BEGIN DATA UNDER STUDY

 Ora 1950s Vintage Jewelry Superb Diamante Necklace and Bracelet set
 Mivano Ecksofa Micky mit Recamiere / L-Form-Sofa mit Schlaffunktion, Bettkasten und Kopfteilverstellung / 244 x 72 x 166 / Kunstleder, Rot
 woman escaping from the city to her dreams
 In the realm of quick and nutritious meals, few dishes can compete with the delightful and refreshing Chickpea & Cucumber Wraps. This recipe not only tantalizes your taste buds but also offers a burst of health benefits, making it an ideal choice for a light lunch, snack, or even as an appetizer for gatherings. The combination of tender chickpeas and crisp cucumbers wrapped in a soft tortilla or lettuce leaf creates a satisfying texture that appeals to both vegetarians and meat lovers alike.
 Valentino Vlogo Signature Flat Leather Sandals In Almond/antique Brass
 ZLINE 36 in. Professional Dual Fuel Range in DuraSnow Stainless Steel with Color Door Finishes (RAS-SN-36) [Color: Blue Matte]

END DATA UNDER STUDY

## GOAL OF THE EXERCISE
What is the number of lines in the data that include the word "with"? State only that number.

## RESPONSE AREA
2